I think back on that first year after Eliza died and it feels like it lasted forever.  And yet now it's been two years--two YEARS and three months from her death and I can't believe it's been so long.  It doesn't seem possible that so much time has gone by.  I can remember those early days, the stress and fear and ache and the impossibly huge sadness of that time, and it still brings tears to my eyes.

Missing Eliza today is a quieter ache.  It's a less selfish grief, if that makes sense.  A good part of what I grieved for initially was the loss of my own expectations, of my own plans for my life, of my opportunity to have a baby and raise a daughter.  I'm still coming to terms with this new version of my life, but I'm grateful to have another baby, to be raising a daughter.  And still I grieve for the baby we never got to know, for a life that ended just when it was supposed to begin, for the people we might have been if Eliza had lived.  I grieve for the months we lost to sadness.  I grieve for the friendships that were changed.  I grieve now for Zuzu, who will grow up without a big sister.

And just when I think I could get lost in all that grief again, I turn it around.

I celebrate the friends that Eliza brought into my life who make me laugh and who share my sadness in a way that eases my burden.  I celebrate the little sister she brought to us, who lights up our world.  I celebrate the closeness David and I have, the easy way we're able to prioritize what matters.

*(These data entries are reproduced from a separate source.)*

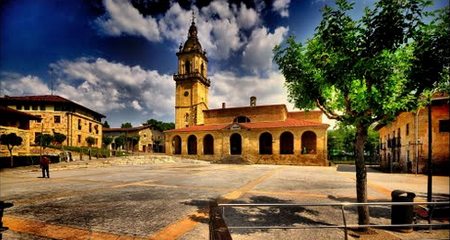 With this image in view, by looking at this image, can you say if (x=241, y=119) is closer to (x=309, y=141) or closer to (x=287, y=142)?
(x=287, y=142)

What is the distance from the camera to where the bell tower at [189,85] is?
150ft

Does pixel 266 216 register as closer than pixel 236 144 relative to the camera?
Yes

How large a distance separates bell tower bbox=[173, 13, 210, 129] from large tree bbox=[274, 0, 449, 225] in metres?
39.5

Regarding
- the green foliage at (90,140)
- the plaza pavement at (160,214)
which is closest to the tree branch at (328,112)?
the plaza pavement at (160,214)

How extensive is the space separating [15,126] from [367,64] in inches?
1420

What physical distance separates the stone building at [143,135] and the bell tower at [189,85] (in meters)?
16.2

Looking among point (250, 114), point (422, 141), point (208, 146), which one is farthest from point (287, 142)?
point (422, 141)

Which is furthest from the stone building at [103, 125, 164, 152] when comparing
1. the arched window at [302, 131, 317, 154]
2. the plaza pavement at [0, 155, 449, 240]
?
the plaza pavement at [0, 155, 449, 240]

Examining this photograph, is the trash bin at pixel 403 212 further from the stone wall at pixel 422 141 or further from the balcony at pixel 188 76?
the balcony at pixel 188 76

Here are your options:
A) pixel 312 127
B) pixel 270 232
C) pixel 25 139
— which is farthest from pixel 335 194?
pixel 25 139

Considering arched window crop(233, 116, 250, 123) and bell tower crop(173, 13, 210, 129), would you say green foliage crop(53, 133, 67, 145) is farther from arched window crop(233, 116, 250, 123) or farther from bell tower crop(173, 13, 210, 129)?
arched window crop(233, 116, 250, 123)

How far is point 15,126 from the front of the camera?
2709 cm

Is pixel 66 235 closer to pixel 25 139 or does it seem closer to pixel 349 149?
pixel 25 139

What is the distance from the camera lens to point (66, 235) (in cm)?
540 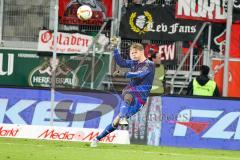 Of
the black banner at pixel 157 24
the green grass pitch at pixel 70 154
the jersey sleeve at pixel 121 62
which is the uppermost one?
the black banner at pixel 157 24

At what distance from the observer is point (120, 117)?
15891mm

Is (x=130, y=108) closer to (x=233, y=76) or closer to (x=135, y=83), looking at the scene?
(x=135, y=83)

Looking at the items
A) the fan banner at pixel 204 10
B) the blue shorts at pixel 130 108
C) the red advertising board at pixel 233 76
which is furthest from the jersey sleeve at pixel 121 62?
the red advertising board at pixel 233 76

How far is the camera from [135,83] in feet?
53.3

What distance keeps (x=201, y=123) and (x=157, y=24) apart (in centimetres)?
454

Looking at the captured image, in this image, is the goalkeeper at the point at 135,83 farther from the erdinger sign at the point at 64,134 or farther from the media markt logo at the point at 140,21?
the media markt logo at the point at 140,21

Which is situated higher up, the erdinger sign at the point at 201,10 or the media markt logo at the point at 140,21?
the erdinger sign at the point at 201,10

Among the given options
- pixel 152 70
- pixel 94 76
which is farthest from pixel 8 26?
pixel 152 70

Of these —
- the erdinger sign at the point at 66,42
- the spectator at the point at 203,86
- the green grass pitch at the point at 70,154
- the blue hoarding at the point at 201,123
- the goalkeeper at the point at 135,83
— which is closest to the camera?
the green grass pitch at the point at 70,154

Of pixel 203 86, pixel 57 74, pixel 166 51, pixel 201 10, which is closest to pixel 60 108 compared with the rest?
pixel 57 74

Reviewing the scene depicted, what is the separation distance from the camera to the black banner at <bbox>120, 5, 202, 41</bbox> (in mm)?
22812

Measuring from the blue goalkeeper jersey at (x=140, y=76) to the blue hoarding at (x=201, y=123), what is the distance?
3.08 meters

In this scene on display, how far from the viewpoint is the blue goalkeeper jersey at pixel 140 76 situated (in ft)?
52.7

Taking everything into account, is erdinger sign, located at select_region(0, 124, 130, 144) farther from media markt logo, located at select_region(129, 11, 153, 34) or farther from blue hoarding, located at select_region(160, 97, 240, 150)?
media markt logo, located at select_region(129, 11, 153, 34) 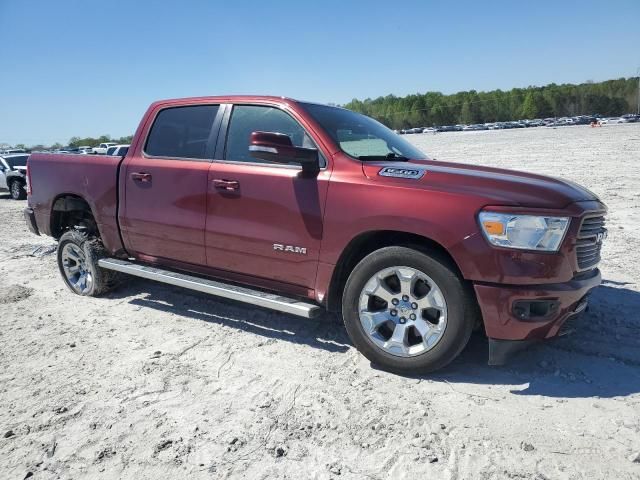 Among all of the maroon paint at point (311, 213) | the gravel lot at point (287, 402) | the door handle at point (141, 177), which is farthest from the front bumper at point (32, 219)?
the door handle at point (141, 177)

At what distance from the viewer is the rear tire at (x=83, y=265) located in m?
5.02

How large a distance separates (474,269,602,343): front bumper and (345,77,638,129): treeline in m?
115

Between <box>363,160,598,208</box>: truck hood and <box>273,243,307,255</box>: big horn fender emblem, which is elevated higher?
<box>363,160,598,208</box>: truck hood

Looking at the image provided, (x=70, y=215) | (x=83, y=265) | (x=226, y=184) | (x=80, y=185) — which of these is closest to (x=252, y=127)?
(x=226, y=184)

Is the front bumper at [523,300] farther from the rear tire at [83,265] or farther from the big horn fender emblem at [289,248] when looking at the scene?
the rear tire at [83,265]

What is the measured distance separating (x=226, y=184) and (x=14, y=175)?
16.2 m

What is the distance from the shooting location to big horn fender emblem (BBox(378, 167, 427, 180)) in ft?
10.8

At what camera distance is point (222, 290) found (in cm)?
390

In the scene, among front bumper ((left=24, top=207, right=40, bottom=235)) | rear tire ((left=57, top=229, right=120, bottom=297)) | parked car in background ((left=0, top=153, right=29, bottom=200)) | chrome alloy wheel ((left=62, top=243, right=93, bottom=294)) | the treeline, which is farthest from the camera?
the treeline

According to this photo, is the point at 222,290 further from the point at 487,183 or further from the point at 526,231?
the point at 526,231

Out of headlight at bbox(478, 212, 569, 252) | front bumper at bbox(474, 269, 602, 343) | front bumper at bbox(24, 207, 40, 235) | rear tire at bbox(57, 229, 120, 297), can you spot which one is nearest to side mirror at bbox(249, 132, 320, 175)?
headlight at bbox(478, 212, 569, 252)

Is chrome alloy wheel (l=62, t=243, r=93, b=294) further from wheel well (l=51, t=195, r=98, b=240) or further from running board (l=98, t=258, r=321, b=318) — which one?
running board (l=98, t=258, r=321, b=318)

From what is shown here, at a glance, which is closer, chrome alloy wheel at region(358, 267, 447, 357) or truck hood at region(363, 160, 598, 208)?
truck hood at region(363, 160, 598, 208)

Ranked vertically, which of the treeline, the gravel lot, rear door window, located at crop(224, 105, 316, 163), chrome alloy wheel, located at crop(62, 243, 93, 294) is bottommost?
the gravel lot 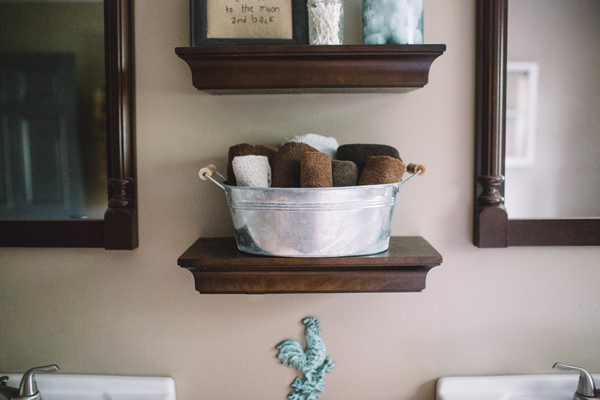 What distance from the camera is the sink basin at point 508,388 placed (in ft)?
2.90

The year after we lost Eliza was absolutely the hardest, saddest, darkest year of my life.  It's hard for me to go back and read blog posts from that year, especially the first six months or so.  That pain was so close to unendurable, and those posts refresh the feeling of those dark times in a way that takes my breath away.  Out of that darkness comes a kind of understanding, harsh and unwelcome and full of truth.  I have a knowledge that I could not have had before, could not have otherwise gained.  It's nothing I wouldn't have gladly traded to get Eliza back, but we don't get to make those bargains.  So I can only take it for what it is, and hold on to it as something else of value that Eliza brought my way.

Two years and three months later, this process is still not easy and I know there will be more dark days to come.  I'll still feel jealous and bitter and jaded and angry and sad, far more often than anyone should.  But I can only remember that happiness and sadness are not mutually exclusive, that these things are not two sides of the same coin, but they can occupy my head and my heart at the same time.

So here's hoping that the days continue to get easier, that the light outshines the dark, that our greatest sorrow will one day be matched by our subsequent joy, and that we do all we can to choose love again, and again.

Saturday, March 9, 2013

Eight Months with Zuzu: This Is the Fun Part.

This past month has been crazy busy at work for both David and me.  We've put our house on the market, received an offer, and started the negotiations and inspections and waiting games that are all part of selling a house.  We've had long conversations about where we'd like to live and what we see our family doing in two years and five years and ten years and every conversation ends with one of us commenting that we can't plan for everything and we have to decide what works right now.  The past few weeks have been filled with the kind of days where you're just dealing with what must be dealt with at the time--diapers are changed, dinner is made, papers are graded, but there's never a moment when I've felt like we're getting ahead.  It's all we can do to stay caught up.

In the midst of this, Zuzu has been challenging.  Sleeping habits sort of fell apart and my once-upon-a-dream-sleeper became a baby who woke up four times a night, SCREAMING, wanting nothing but the boob.  She continued to refuse purees, occasionally gnawed on hunks of people food, and nagged me to breastfeed as frequently as a newborn.  While breastfeeding, she would frequently get squirmy and distracted, pop on and off, twist her head around, and frequently pinch me.  I read on my Wonder Weeks app that it's normal for mothers to get frustrated and fed up with breastfeeding at this stage, and I was so glad to see that because this experience that had been so positive and delightful for us was suddenly becoming a source of irritation for me, and I needed to know that was normal and that we'd get past it.

Say it ain't so, Ma!
This week, though, we kind of turned a corner.  Sleep is still chancy (we had five good nights and two rotten ones this week) and she's still a little squirmy while nursing, but Zuzu is so. much. fun right now.  I can hardly handle it.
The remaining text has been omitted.